What happened to the spam limiter in CC? >.>   I guess these servers are whitelisted?


----------



## DomainBop (Aug 15, 2015)

GIANT_CRAB said:


> Hxxx said:
> 
> 
> > What happened to the spam limiter in CC? >.>   I guess these servers are whitelisted?


ColoCrossing's new "spam limiter" is  only for email SPAM.  

StopForumSpam  (and also CleanTalk) measure and block  comment spam and other web based attacks.  ColoCrossing doesn't have any systems in check to block outgoing web attacks like brute forcers, comment spammers etc (they did put rate limiting in place earlier this year to block/limit outgoing DDoS attacks). CleanTalk is showing that 92.54% of the ColoCrossing IP addresses connecting to other websites/webservers are engaged in malicious activity: 92.54% SPAM rate (38,359 of 41,452 IPs observd)  https://cleantalk.org/blacklists/AS36352 TL;DR is cheap VPS prices and a bad reputation make ColoCrossing a magnet for attracting scumbags ,criminals, and abusers.

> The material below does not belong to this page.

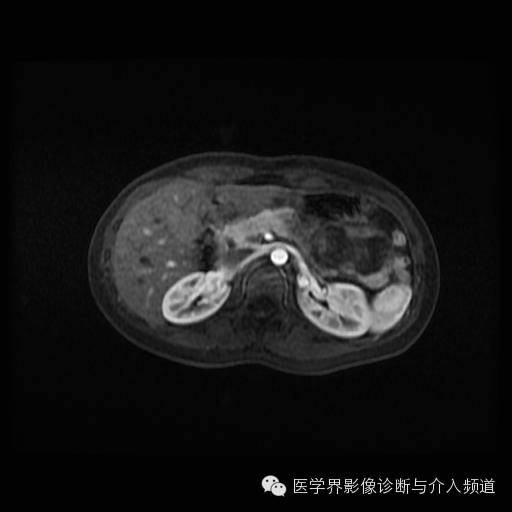 【病例】胰腺实性假乳头状瘤1例MR影像表现 【病例】胰腺实性假乳头状瘤1例MR影像表现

Biloh is fully aware of the problem because I have mentioned it to him numerous times on WHT...still waiting for a reply from him to my question _"why do you think other companies should have to bear the costs of your failure to properly monitor and police your network"_


----------



## Hxxx (Aug 15, 2015)

DomainBop said:


> GIANT_CRAB said:
> 
> 
> > Hxxx said:
> ...


92.54 that's drastic. I would like to see what's Jon response to this.


----------



## Tyler (Aug 15, 2015)

Munzy said:


> > If someone whom can stop a DDOS at CC and refuses to stop said attack then by all regards they are complicit in the act. Thus why my statement of including complicit.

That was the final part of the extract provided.